But I'm this guy, too." So on Aug. 12, Steve Burns, 29, a man who spent
six years talking to an imaginary salt shaker, will release his debut
CD, "Songs for Dustmites." And here’s the weirdest thing of all: it’s
really good.
For a kiddie-land
expat, "Songs for Dustmites" makes perfect sense. It’s an album of
adventurous alt-pop with wide-eyed lyrics about science and love. To
avoid being brushed off as a novelty act, though, Burns recruited some
of alternative rock’s biggest brains to help him out: drummer Steven
Drozd of the Flaming Lips and Dave Fridmann, the Lips’ longtime
producer. At points, Burns apes his beloved Lips a bit too closely, but
if you’re going to mine someone’s sound, you could do a lot worse.
These days,
Burns has settled easily back into anonymity. "I've grown some facial
hair and lost some regular hair," he says over lunch near his loft in
Brooklyn, N.Y. "I'm also about eight inches shorter than people assume
I’m going to be." (Burns is 5 feet 6.) Size, or lack of it, is a running
motif on "Dustmites." The opener, "Mighty Little Man," is about a lonely
inventor’s eureka moment, but it's also an anthem about inner strength.

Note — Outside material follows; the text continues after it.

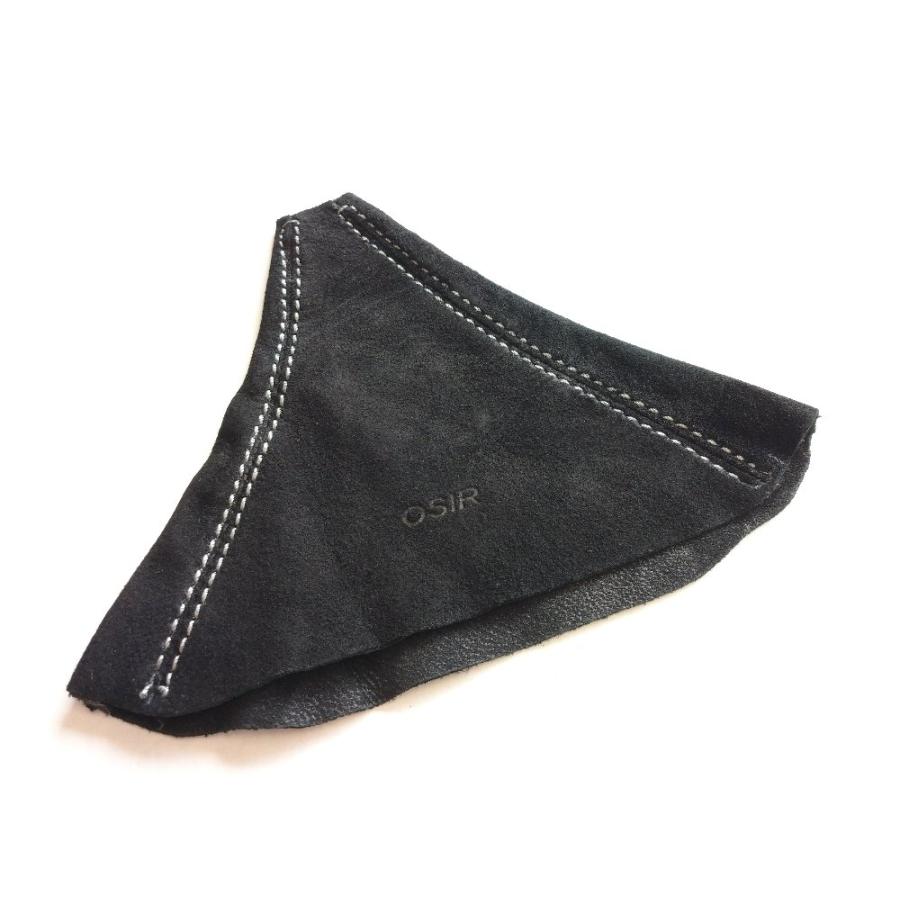 OSIR Boot B8 シフトブーツ for A4 / A5 / Q5 (B8) |  | 01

On the topic of "Blue's Clues," the CD is only faintly allusive—and
never disparaging. "To me, that show is one for the ages," Burns says.
"I have no interest in murdering Steve." All the same, he’s happy to
rejoin the world of adults. "I did feel pressure to live a squeaky-clean
lifestyle," he admits. "There were a lot of bachelor parties that I
didn't go to. But I’ve realized, you know, I'm kind of a fuddy-duddy
anyway." Now there’s a man who’s ready to rock.